Please quote exactly the lines below from the line containing "Outdoor Edge RazorGuide Pak Lightweight" to the line containing "2pcs Little Girls", both lines included, and nothing else.
◆ ◆ ◆ ◆ ◆ ◆ ◆
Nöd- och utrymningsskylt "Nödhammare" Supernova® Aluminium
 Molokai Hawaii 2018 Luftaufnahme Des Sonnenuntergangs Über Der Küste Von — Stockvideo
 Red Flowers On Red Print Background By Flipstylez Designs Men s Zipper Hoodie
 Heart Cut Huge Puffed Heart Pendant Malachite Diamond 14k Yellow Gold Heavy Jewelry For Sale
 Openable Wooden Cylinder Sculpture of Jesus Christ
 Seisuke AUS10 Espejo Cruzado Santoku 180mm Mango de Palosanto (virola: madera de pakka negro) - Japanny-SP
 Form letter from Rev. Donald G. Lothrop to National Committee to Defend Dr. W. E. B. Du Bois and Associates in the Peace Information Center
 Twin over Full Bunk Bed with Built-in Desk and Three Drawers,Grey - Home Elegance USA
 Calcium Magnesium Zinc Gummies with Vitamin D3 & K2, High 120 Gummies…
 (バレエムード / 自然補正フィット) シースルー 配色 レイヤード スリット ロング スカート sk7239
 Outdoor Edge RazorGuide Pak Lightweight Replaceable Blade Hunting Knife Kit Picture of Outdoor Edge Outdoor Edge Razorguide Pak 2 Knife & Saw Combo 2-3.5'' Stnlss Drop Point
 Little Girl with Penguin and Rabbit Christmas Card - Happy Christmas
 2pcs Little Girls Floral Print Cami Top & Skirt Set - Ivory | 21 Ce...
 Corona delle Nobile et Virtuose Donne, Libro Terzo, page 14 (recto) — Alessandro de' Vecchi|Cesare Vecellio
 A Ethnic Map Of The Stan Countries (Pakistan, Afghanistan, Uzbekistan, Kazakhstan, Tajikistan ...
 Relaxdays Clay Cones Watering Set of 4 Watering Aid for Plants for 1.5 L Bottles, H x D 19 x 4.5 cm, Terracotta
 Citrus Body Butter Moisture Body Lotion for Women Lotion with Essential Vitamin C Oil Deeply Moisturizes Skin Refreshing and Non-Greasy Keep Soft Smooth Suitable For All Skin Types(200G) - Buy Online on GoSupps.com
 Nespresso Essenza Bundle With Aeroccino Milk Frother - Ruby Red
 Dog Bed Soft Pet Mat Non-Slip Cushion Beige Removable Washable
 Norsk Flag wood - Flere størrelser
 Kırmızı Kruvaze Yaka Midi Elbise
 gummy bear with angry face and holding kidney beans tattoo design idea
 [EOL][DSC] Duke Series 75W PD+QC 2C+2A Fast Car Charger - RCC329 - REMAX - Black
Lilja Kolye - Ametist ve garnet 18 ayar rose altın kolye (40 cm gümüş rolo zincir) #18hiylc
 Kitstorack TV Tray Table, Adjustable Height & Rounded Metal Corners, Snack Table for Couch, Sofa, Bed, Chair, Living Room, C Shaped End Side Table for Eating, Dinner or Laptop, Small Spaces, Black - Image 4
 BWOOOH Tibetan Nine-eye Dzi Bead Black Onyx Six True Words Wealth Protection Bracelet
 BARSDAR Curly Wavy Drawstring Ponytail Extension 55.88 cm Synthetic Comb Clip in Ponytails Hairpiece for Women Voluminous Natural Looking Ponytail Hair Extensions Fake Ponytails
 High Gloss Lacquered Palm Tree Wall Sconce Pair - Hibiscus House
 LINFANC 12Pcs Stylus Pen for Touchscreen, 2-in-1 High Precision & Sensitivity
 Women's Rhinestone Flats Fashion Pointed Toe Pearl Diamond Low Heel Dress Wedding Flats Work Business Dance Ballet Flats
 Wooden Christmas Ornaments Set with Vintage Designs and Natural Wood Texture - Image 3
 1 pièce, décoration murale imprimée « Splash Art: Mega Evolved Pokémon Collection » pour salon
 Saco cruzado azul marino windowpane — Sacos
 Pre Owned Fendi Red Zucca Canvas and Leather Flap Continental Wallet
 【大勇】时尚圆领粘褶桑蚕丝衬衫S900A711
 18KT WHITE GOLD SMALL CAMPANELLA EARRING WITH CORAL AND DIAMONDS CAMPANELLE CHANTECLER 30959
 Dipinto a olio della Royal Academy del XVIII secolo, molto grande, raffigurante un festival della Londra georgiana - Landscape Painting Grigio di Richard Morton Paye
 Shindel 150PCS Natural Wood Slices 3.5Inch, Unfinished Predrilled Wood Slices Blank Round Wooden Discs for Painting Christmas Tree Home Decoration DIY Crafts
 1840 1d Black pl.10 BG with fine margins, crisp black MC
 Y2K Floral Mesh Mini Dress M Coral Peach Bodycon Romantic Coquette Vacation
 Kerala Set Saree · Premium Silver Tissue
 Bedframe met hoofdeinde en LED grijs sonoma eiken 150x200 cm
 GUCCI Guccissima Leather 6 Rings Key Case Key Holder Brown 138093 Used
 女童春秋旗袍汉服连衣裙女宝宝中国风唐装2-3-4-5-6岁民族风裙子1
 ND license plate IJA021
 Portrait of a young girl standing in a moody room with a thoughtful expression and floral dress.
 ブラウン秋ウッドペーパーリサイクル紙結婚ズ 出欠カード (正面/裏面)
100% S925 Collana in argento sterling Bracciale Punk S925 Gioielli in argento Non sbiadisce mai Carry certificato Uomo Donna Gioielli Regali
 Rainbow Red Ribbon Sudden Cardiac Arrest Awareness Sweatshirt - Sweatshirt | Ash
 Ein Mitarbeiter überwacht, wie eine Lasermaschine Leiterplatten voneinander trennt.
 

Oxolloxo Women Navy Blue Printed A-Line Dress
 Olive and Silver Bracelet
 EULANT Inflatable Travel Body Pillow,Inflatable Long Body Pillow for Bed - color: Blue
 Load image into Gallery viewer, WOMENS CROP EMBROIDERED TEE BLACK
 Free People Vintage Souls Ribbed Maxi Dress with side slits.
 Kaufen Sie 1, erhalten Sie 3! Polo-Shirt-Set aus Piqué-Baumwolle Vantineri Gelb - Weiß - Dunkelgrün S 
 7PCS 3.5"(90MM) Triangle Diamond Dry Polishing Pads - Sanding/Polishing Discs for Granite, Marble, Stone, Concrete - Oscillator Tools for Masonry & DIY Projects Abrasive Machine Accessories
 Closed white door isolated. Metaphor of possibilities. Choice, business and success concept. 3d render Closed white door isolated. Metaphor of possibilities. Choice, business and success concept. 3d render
◆ ◆ ◆ ◆ ◆ ◆ ◆
EXERCISE SOLUTION>
 Outdoor Edge RazorGuide Pak Lightweight Replaceable Blade Hunting Knife Kit Picture of Outdoor Edge Outdoor Edge Razorguide Pak 2 Knife & Saw Combo 2-3.5'' Stnlss Drop Point
 Little Girl with Penguin and Rabbit Christmas Card - Happy Christmas
 2pcs Little Girls Floral Print Cami Top & Skirt Set - Ivory | 21 Ce...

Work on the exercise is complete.